**What to work on:** There is a line containing "lot 159 image: Husqvarna" in the entries below. Repeat that line and every line after it exactly, and nothing more.

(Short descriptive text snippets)

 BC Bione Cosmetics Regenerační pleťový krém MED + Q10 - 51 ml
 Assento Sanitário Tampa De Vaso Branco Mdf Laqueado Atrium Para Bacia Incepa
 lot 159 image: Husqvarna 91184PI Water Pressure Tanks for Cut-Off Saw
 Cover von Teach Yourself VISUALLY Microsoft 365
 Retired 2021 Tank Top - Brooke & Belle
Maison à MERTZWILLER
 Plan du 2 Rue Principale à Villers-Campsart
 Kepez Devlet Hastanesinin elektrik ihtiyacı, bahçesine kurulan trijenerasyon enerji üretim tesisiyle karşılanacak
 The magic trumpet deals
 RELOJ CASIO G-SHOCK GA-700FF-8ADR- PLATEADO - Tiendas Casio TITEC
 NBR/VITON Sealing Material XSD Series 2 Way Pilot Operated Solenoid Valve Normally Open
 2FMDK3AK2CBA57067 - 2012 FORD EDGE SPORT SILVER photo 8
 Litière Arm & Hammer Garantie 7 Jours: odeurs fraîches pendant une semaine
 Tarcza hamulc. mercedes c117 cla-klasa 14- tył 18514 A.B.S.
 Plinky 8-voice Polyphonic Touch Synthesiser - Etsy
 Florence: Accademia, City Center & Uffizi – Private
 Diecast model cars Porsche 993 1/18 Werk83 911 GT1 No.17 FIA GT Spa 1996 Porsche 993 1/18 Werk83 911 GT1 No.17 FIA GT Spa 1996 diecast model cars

**Reply:**
 lot 159 image: Husqvarna 91184PI Water Pressure Tanks for Cut-Off Saw
 Cover von Teach Yourself VISUALLY Microsoft 365
 Retired 2021 Tank Top - Brooke & Belle
Maison à MERTZWILLER
 Plan du 2 Rue Principale à Villers-Campsart
 Kepez Devlet Hastanesinin elektrik ihtiyacı, bahçesine kurulan trijenerasyon enerji üretim tesisiyle karşılanacak
 The magic trumpet deals
 RELOJ CASIO G-SHOCK GA-700FF-8ADR- PLATEADO - Tiendas Casio TITEC
 NBR/VITON Sealing Material XSD Series 2 Way Pilot Operated Solenoid Valve Normally Open
 2FMDK3AK2CBA57067 - 2012 FORD EDGE SPORT SILVER photo 8
 Litière Arm & Hammer Garantie 7 Jours: odeurs fraîches pendant une semaine
 Tarcza hamulc. mercedes c117 cla-klasa 14- tył 18514 A.B.S.
 Plinky 8-voice Polyphonic Touch Synthesiser - Etsy
 Florence: Accademia, City Center & Uffizi – Private
 Diecast model cars Porsche 993 1/18 Werk83 911 GT1 No.17 FIA GT Spa 1996 Porsche 993 1/18 Werk83 911 GT1 No.17 FIA GT Spa 1996 diecast model cars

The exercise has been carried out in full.